*Requirement:* When you reproduce these records, keep every word exactly and drop the images.

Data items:
-- -- --
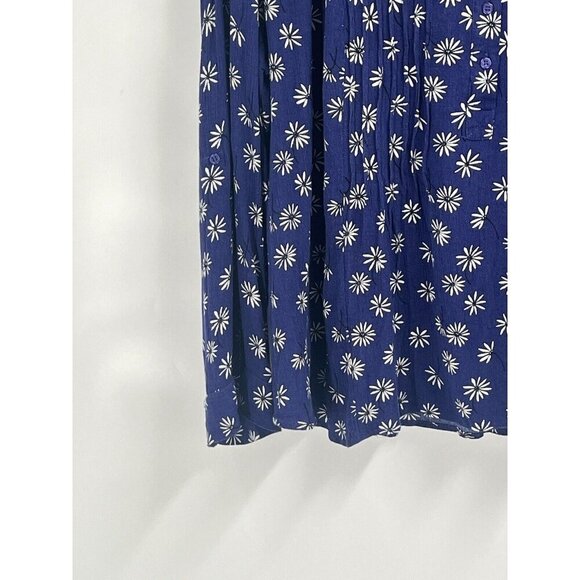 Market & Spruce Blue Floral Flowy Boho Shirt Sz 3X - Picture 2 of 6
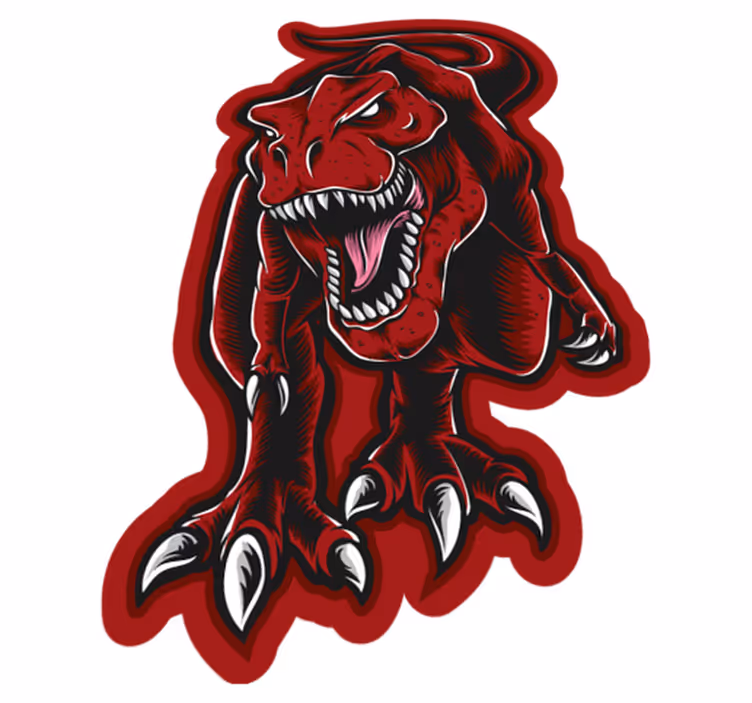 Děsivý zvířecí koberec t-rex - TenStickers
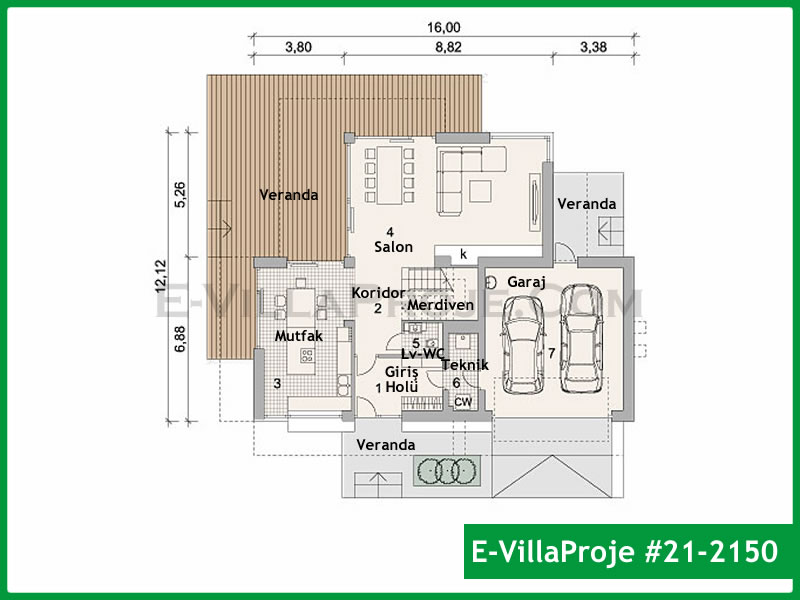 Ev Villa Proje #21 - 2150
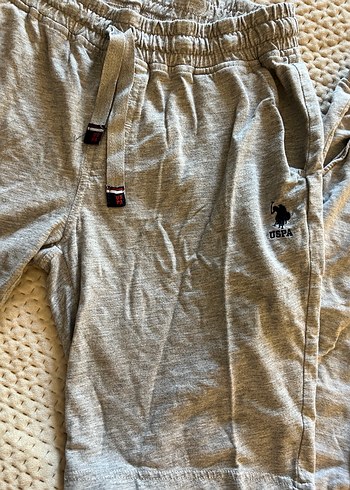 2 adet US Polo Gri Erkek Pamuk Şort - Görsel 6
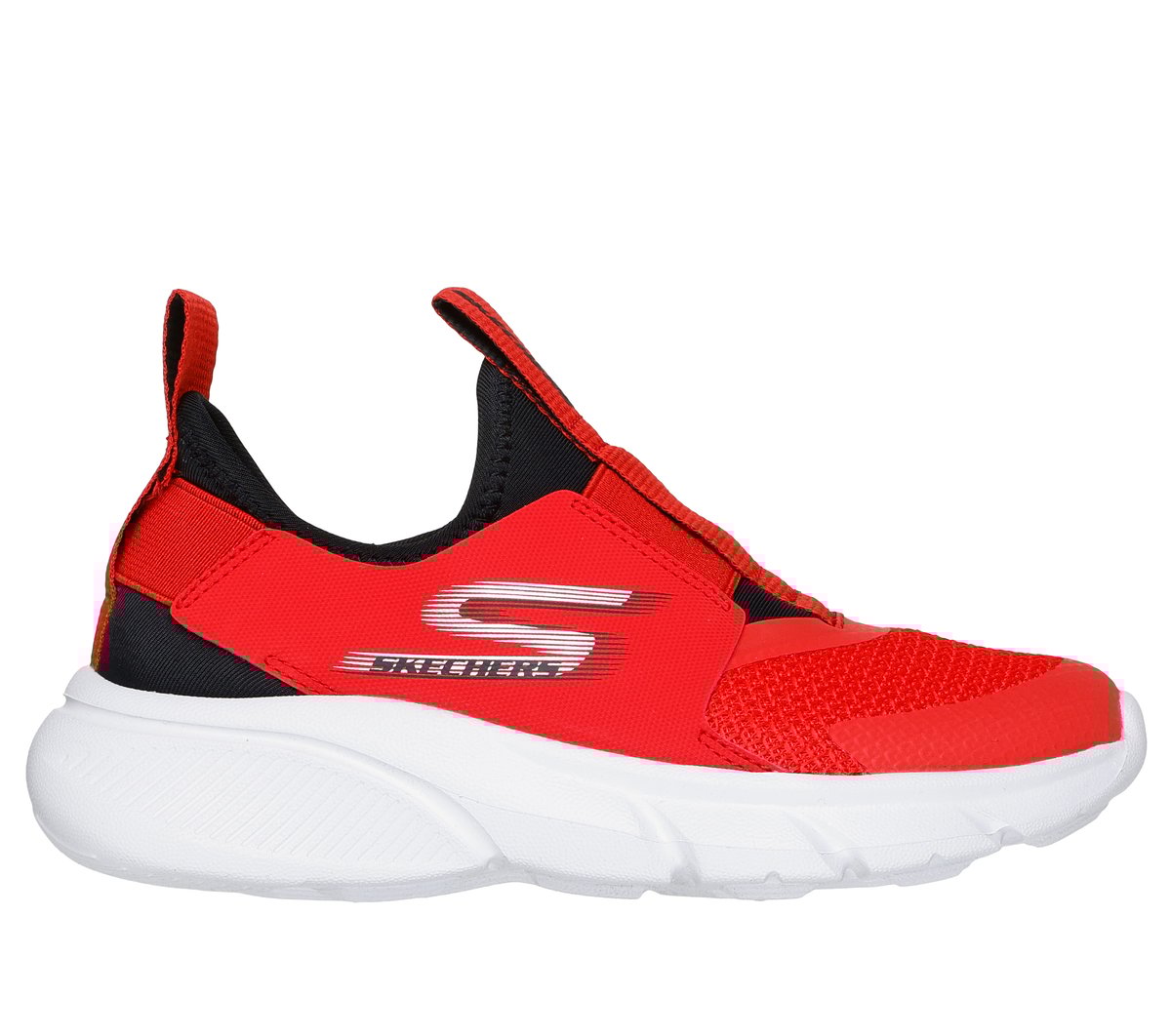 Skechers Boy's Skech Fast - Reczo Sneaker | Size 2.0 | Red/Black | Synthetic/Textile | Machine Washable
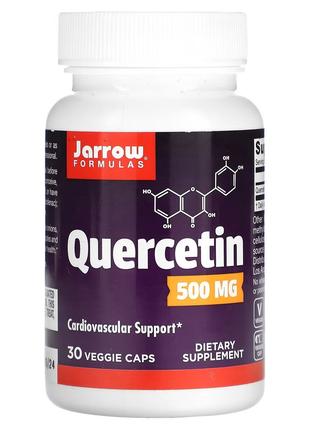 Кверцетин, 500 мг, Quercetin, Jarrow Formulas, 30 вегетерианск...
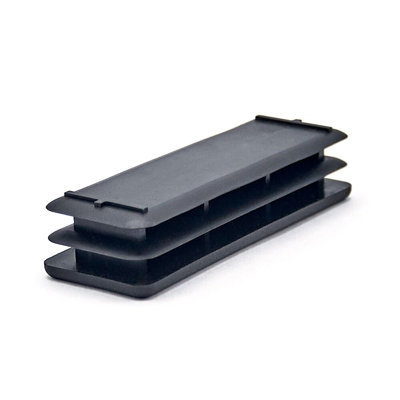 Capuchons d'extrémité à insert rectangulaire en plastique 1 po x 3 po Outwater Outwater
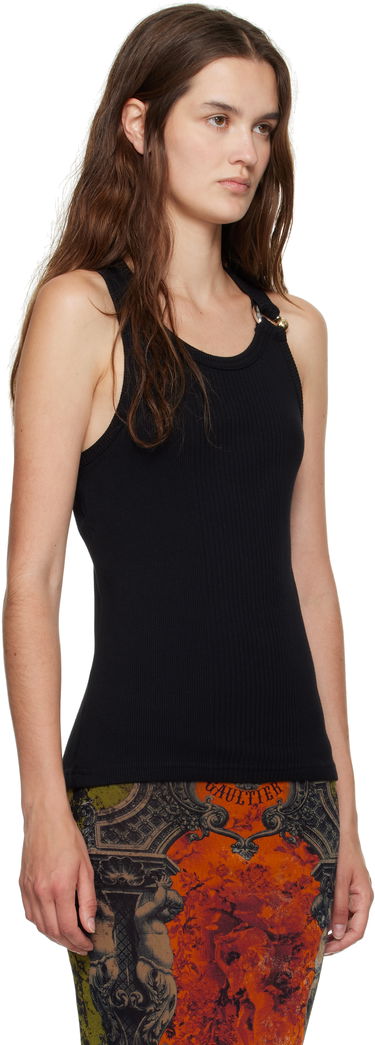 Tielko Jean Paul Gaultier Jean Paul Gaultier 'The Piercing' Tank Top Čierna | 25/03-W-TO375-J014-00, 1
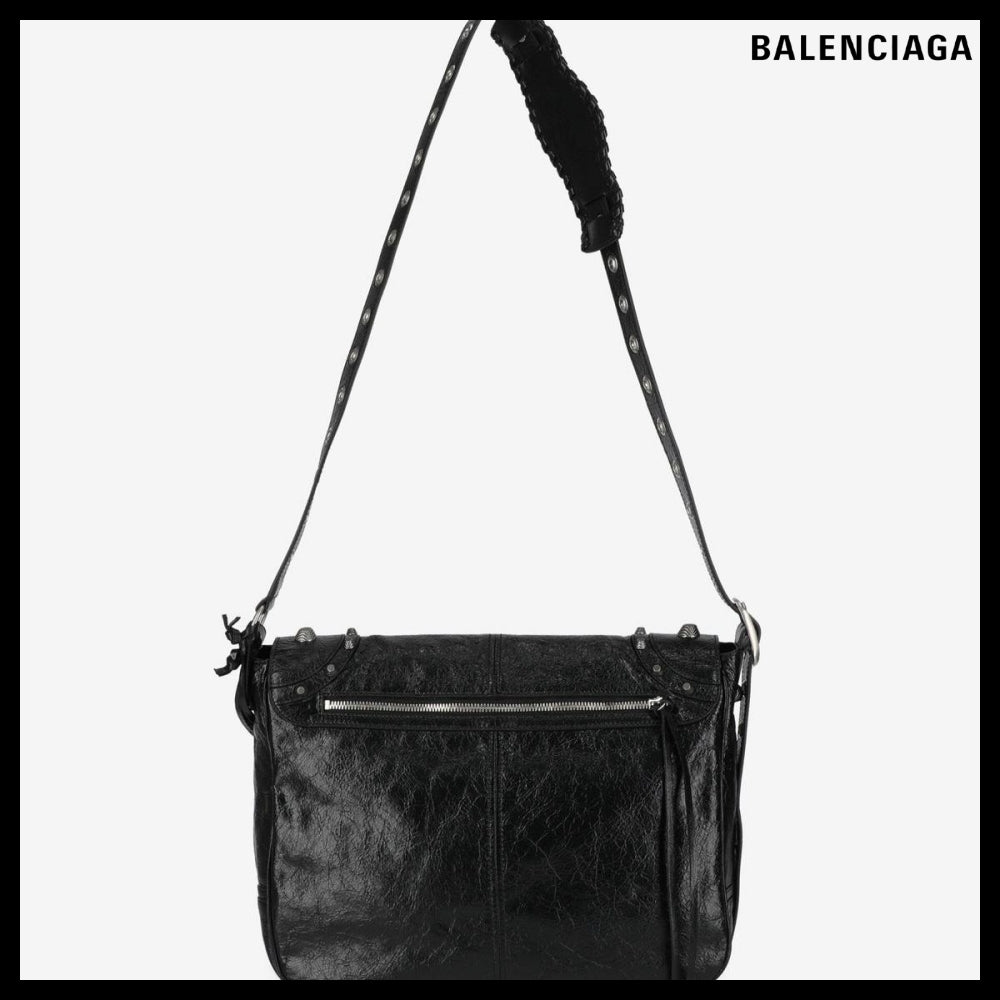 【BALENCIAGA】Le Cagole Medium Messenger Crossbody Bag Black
-- -- --
*Result of the exercise:*
 Market & Spruce Blue Floral Flowy Boho Shirt Sz 3X - Picture 2 of 6
 Děsivý zvířecí koberec t-rex - TenStickers
 Ev Villa Proje #21 - 2150
 2 adet US Polo Gri Erkek Pamuk Şort - Görsel 6
 Skechers Boy's Skech Fast - Reczo Sneaker | Size 2.0 | Red/Black | Synthetic/Textile | Machine Washable
 Кверцетин, 500 мг, Quercetin, Jarrow Formulas, 30 вегетерианск...
 Capuchons d'extrémité à insert rectangulaire en plastique 1 po x 3 po Outwater Outwater
 Tielko Jean Paul Gaultier Jean Paul Gaultier 'The Piercing' Tank Top Čierna | 25/03-W-TO375-J014-00, 1
 【BALENCIAGA】Le Cagole Medium Messenger Crossbody Bag Black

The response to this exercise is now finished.